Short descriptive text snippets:
- - - - -

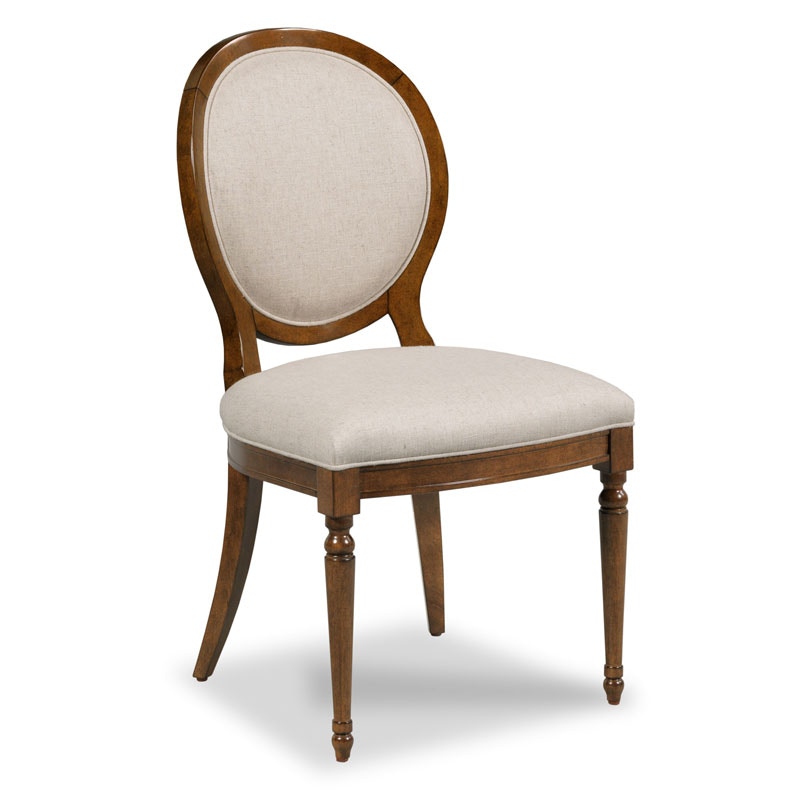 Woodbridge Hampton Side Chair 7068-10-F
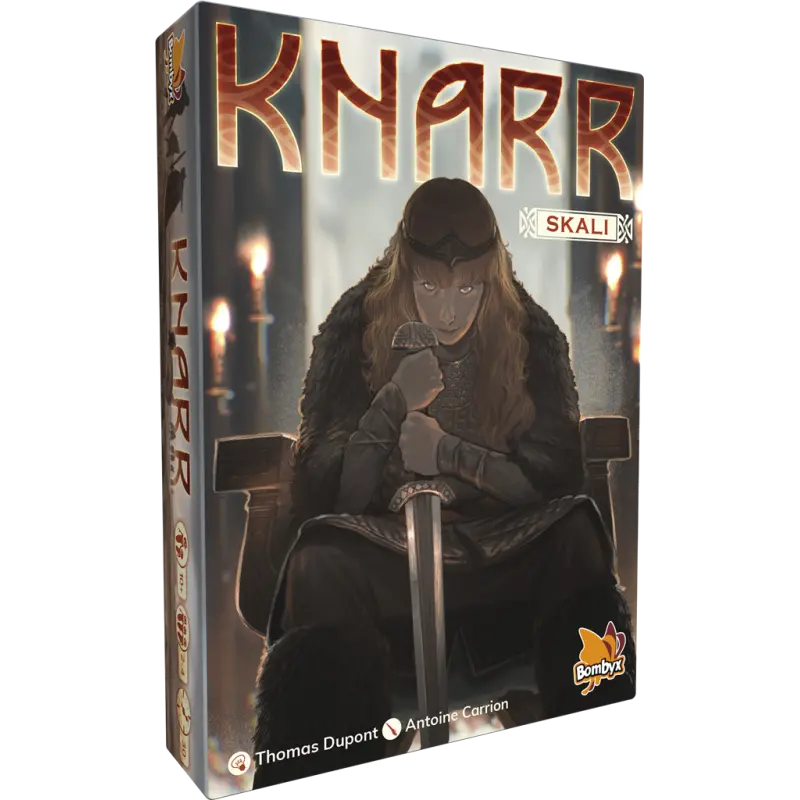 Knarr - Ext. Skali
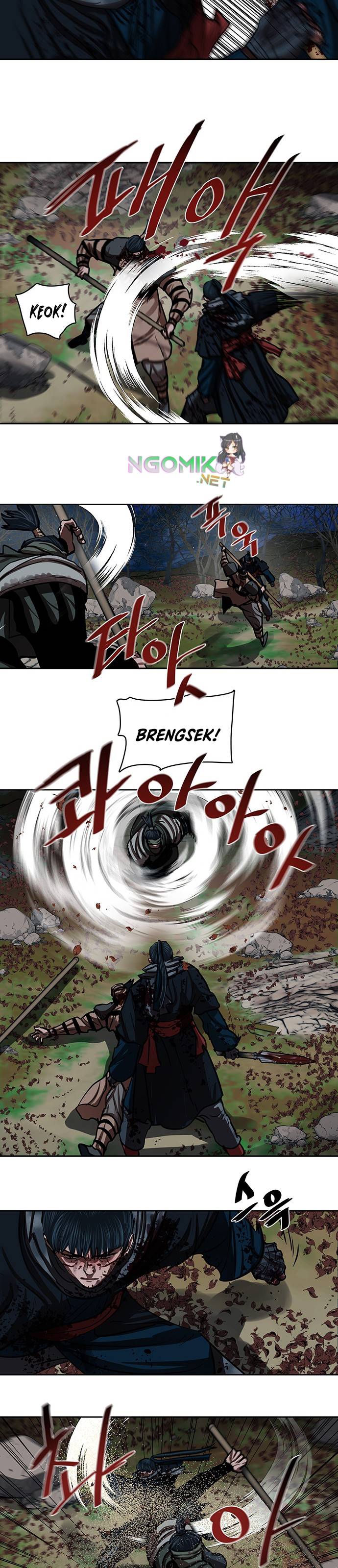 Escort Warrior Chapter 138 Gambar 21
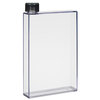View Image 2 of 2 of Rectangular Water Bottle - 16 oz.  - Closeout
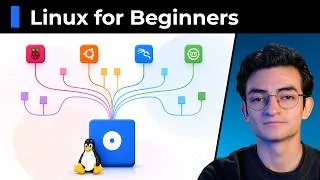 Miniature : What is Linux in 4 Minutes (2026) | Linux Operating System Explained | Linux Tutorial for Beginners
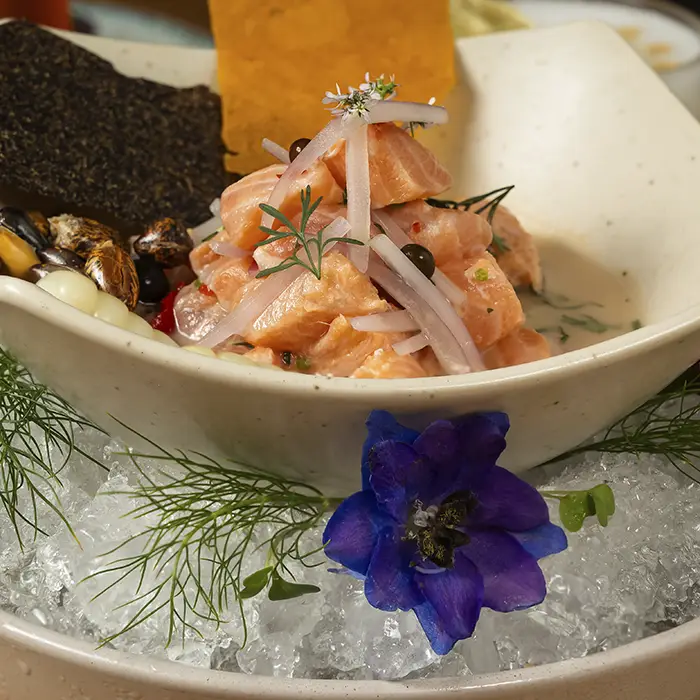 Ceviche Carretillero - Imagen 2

- - - - -

• _Exercise requirements_: Reproduce the records, all of them, word for word; omit the pictures.

• _Solution to this exercise_:
 Woodbridge Hampton Side Chair 7068-10-F
 Knarr - Ext. Skali
 Escort Warrior Chapter 138 Gambar 21
View Image 2 of 2 of Rectangular Water Bottle - 16 oz.  - Closeout
 Miniature : What is Linux in 4 Minutes (2026) | Linux Operating System Explained | Linux Tutorial for Beginners
 Ceviche Carretillero - Imagen 2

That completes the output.